When extending the schema using the *.extension.graphqls files, it's important to note that adding a field to an interface does not automatically add it to all types that implement the interface. For example, if you want to add a field to the Node interface and have it available in all types implementing it (e.g., NodePage, NodeArticle, etc.), you need to extend each type individually.

Extending the Node interface alone without extending the implementing types will result in an invalid schema. To resolve this, you can extend the interface and add the field to each implementing type separately. Here's an example:

graphql
extend interface Node {
  myCustomField: String
}

extend type NodePage {
  myCustomField: String
}

extend type NodeArticle {
  myCustomField: String
}

extend type NodeTopic {
  myCustomField: String
}

While this approach works for a small number of types, it becomes cumbersome and hard to maintain as the number of types grows.
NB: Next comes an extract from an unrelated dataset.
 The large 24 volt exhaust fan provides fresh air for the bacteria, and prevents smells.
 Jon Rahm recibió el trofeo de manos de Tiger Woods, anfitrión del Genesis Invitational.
To address this issue, there are two recommended solutions:

Using a computed field

Defining a custom computed field on the entity type is a clean and effective solution. This approach allows the field to be available both in GraphQL and outside of it. You can refer to the Dynamic/Virtual field values using computed field property classes tutorial for guidance on creating a computed field. After creating the computed field, you need to enable it in the schema configuration. Detailed instructions for enabling fields can be found in the configuration documentation.

Defining the interface in an EXTENSION.base.graphqls file

The schema builder makes sure to not generate an interface or type twice. This means that if you define an interface in your EXTENSION.base.graphqls file, it will be used as the base and extended by the schema builder. This also works when the interface/type is defined multiple times in multiple extension.

Note that this behavior is not according to the specs and will result in an invalid schema if parsed by any other module/library.

Example

The media extension declares an interface for Media, defining only a single field:

graphql
interface Media {
  """
  The URL of the file belonging to the media.
  """
  mediaFileUrl: Url
}

The schema builder will parse the definition and then extend the interface with fields enabled for this entity type. When the types for the entity bundles are generated, they will automatically inherit all fields.

This "magic inheritance" also works when adding an interface to an interface. Here's an example:

graphql
interface EntityPaywalled {
  isPaywalled: boolean
}

interface Media implements EntityPaywalled
interface Node implements EntityPaywalled

This will automagically implement the EntityPaywalled interface and inherit all the fields defined by it.